## Problem details
Your output should be the lines below from the one with "Code: Realize Guardian" through the one with "INTERNATIONAL LT625 Hood thumbnail 9", copied exactly, pictures excluded.

[Information supplied Boundary: Start]

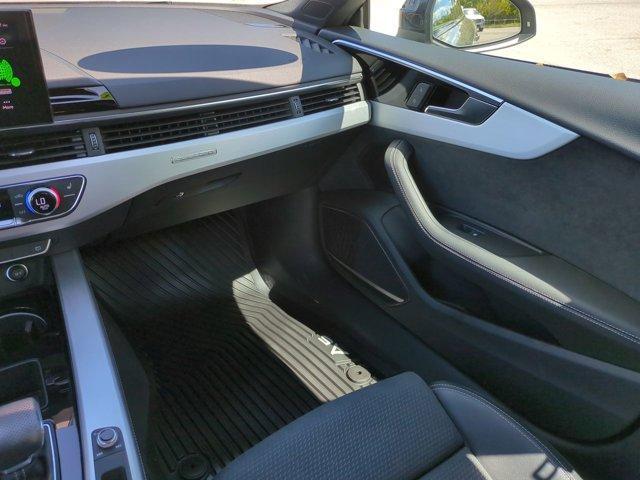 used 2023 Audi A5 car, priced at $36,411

[Information supplied Boundary: End]
[Information supplied Boundary: Start]

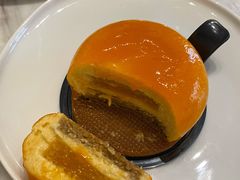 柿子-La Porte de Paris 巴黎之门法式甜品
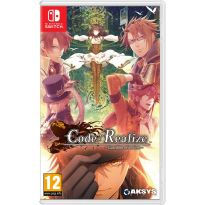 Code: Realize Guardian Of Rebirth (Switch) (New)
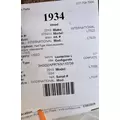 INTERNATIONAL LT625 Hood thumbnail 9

[Information supplied Boundary: End]

## Exercise result
 Code: Realize Guardian Of Rebirth (Switch) (New)
 INTERNATIONAL LT625 Hood thumbnail 9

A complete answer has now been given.